▶ _GIVEN ENTRIES_:
════════════════════
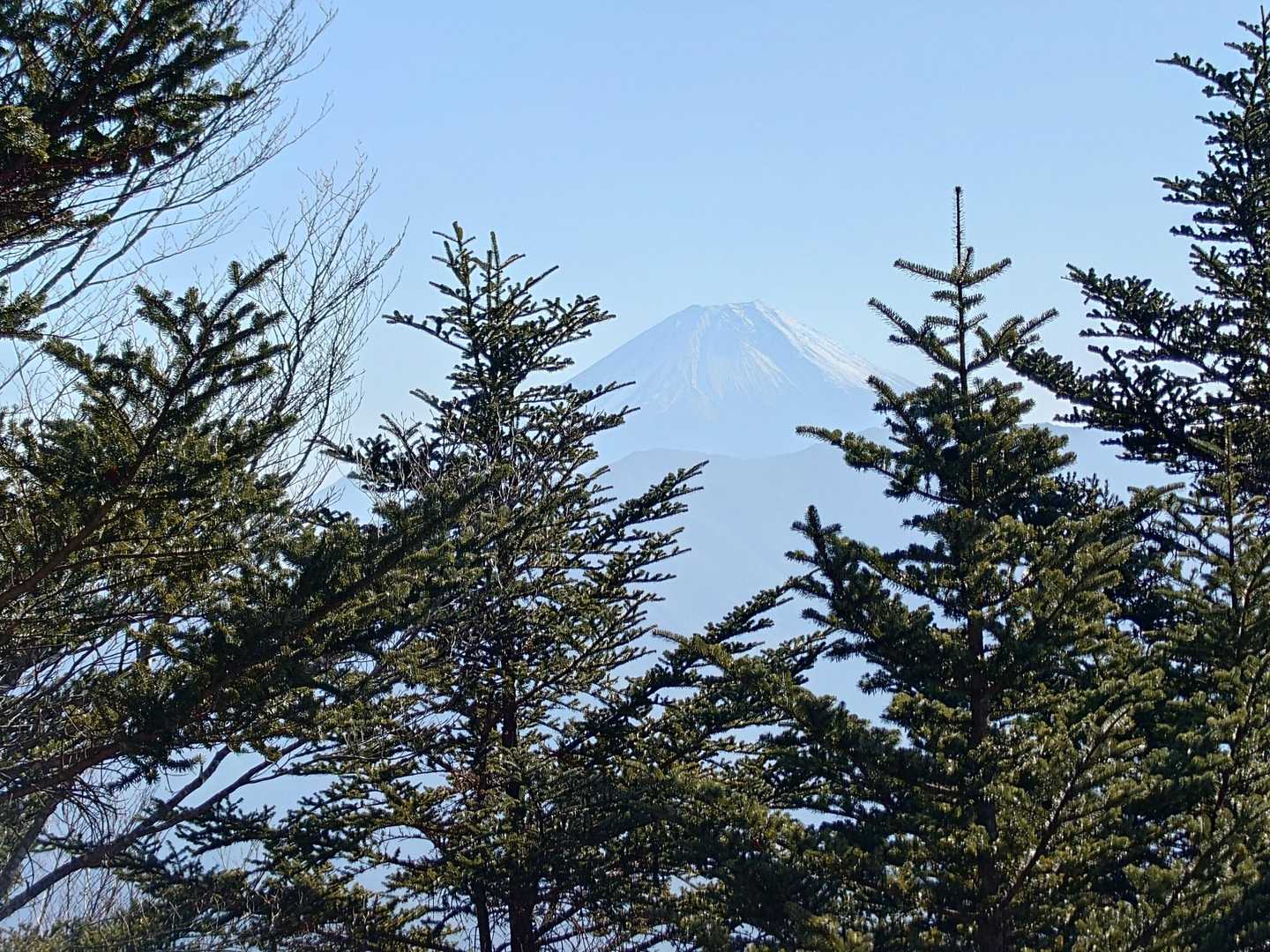 富士見山（平須登山口）の写真
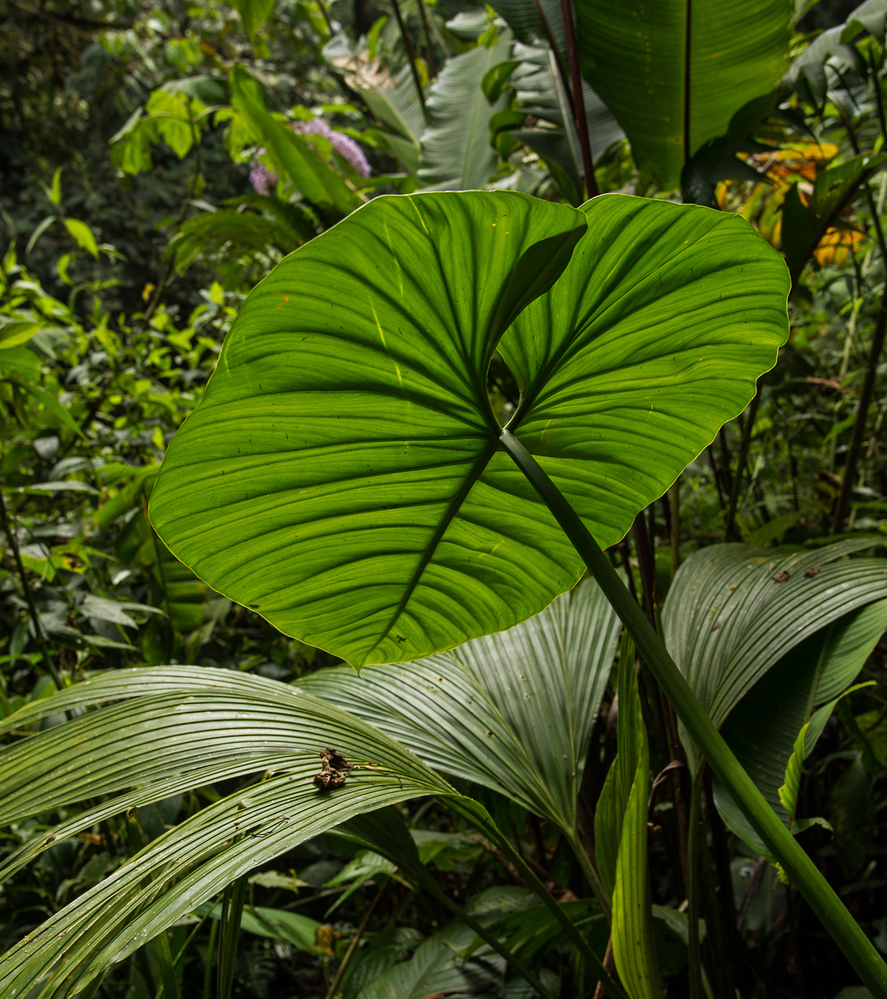 Costa Rica Tropical Leaves at La Paz 1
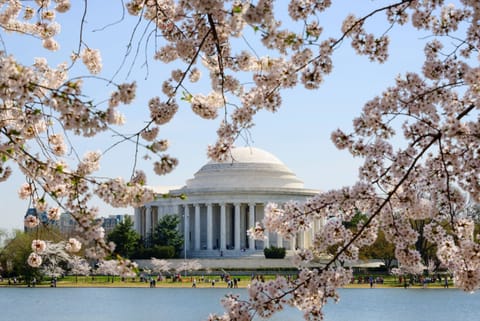 Stroll beneath spring blossoms and savor postcard-perfect views.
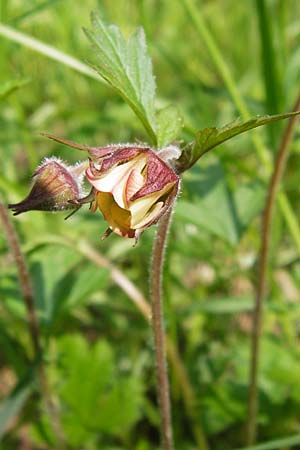 Geum rivale \ Bach-Nelkenwurz / Water Avens, D Mainberg 5.5.2013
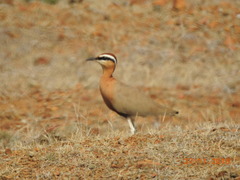 Cursorius coromandelicus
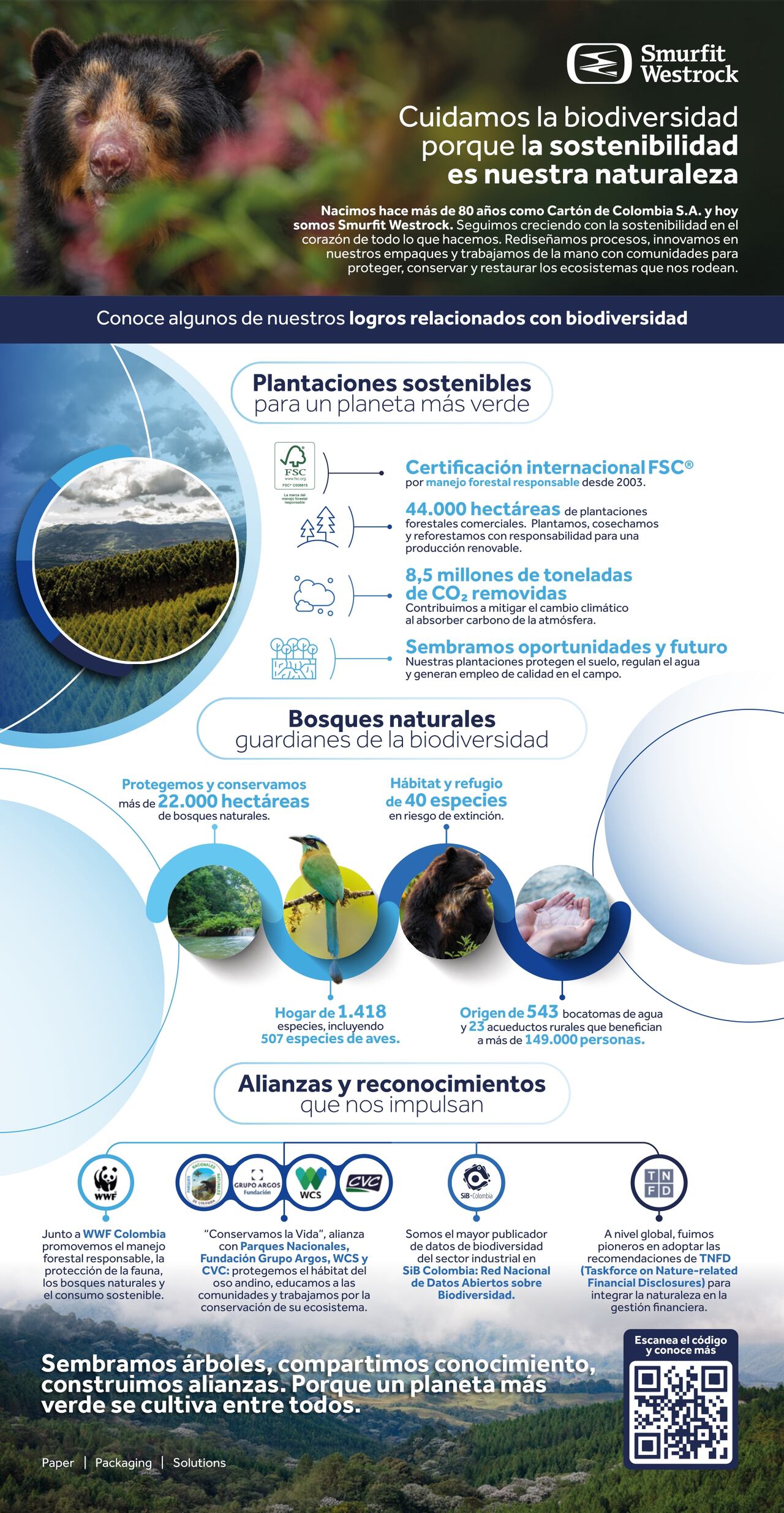 Infografía de Smurfit Westrock Colombia.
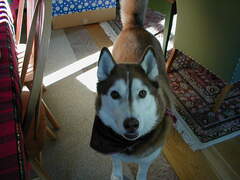 Image file: xmas2000-09.jpg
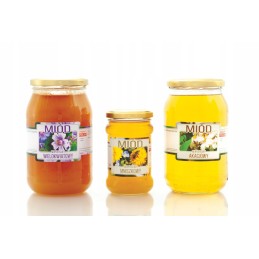 Goldenrod medaus etiketės (100 vnt) - e239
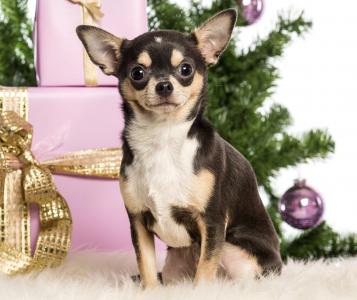 狗，奇瓦瓦，新年，包装盒，礼品，圣诞树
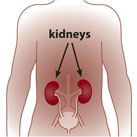 An African-American torso with arrows pointing to two kidneys located near the center of the back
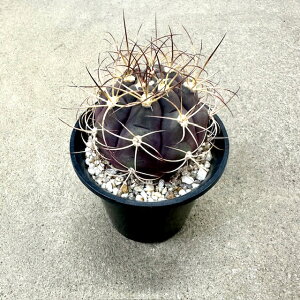 yGimnocalycium MmJVE `ہzǗ@t3 T{e A  A A i  CeA ϗtA O[ lC  v[g Mtg  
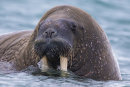 Walrus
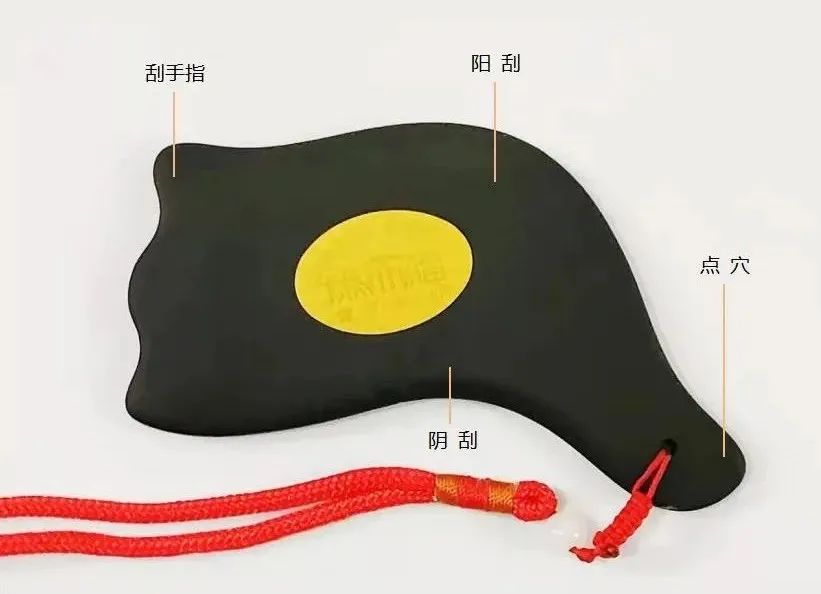 扁鹊板功用图解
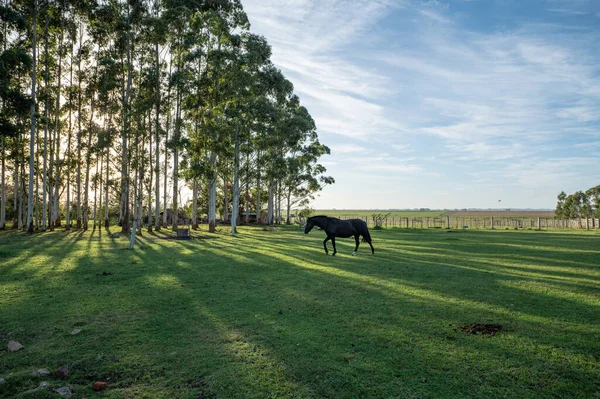 Криольские Лошади Сельской Местности Уругвая — стоковое фото
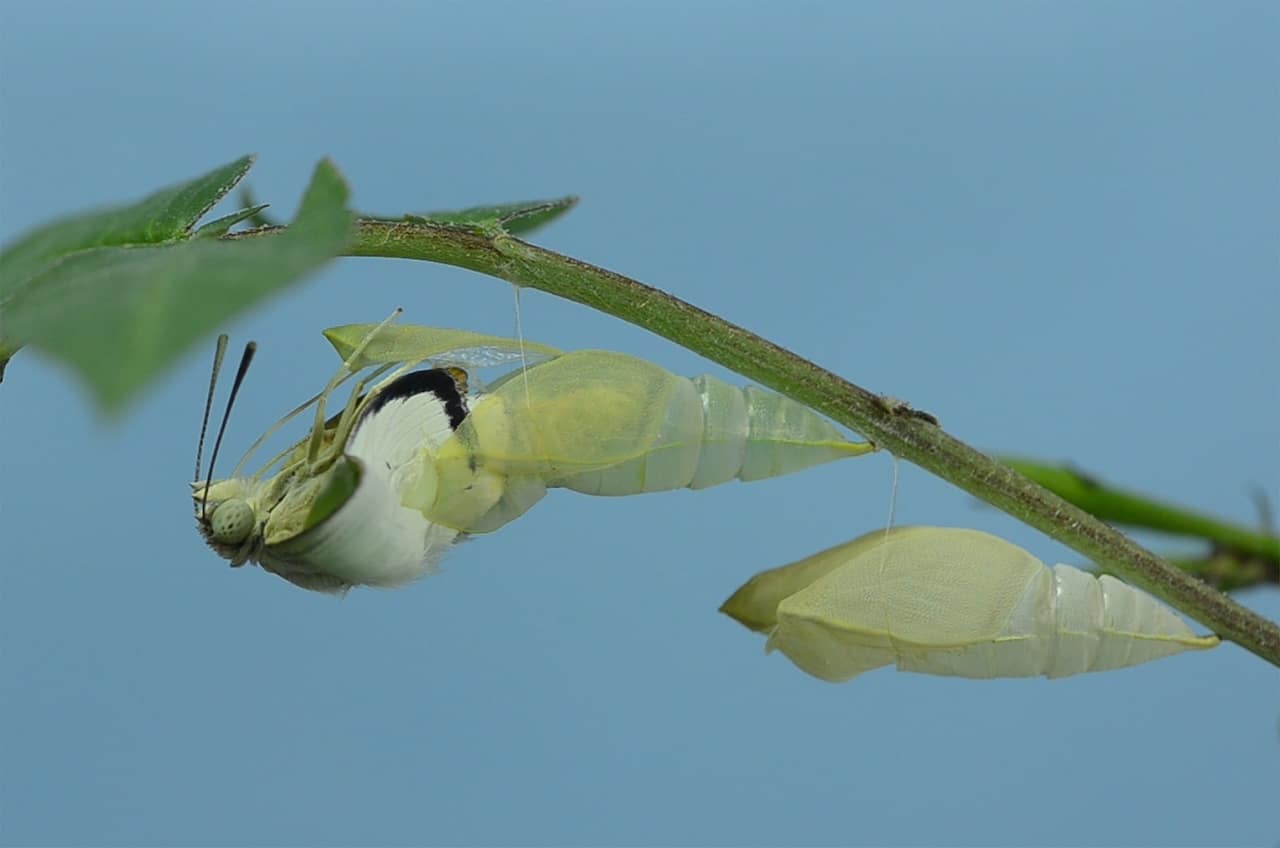 Two green cocoons on a branch with a sky blue background.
════════════════════
Leaving out all pictures, transcribe the listing exactly.

 富士見山（平須登山口）の写真
 Costa Rica Tropical Leaves at La Paz 1
 Stroll beneath spring blossoms and savor postcard-perfect views.
 Geum rivale \ Bach-Nelkenwurz / Water Avens, D Mainberg 5.5.2013
 Cursorius coromandelicus
 Infografía de Smurfit Westrock Colombia.
 Image file: xmas2000-09.jpg
 Goldenrod medaus etiketės (100 vnt) - e239
 狗，奇瓦瓦，新年，包装盒，礼品，圣诞树
 An African-American torso with arrows pointing to two kidneys located near the center of the back
 yGimnocalycium MmJVE `ہzǗ@t3 T{e A  A A i  CeA ϗtA O[ lC  v[g Mtg  
 Walrus
 扁鹊板功用图解
 Криольские Лошади Сельской Местности Уругвая — стоковое фото
 Two green cocoons on a branch with a sky blue background.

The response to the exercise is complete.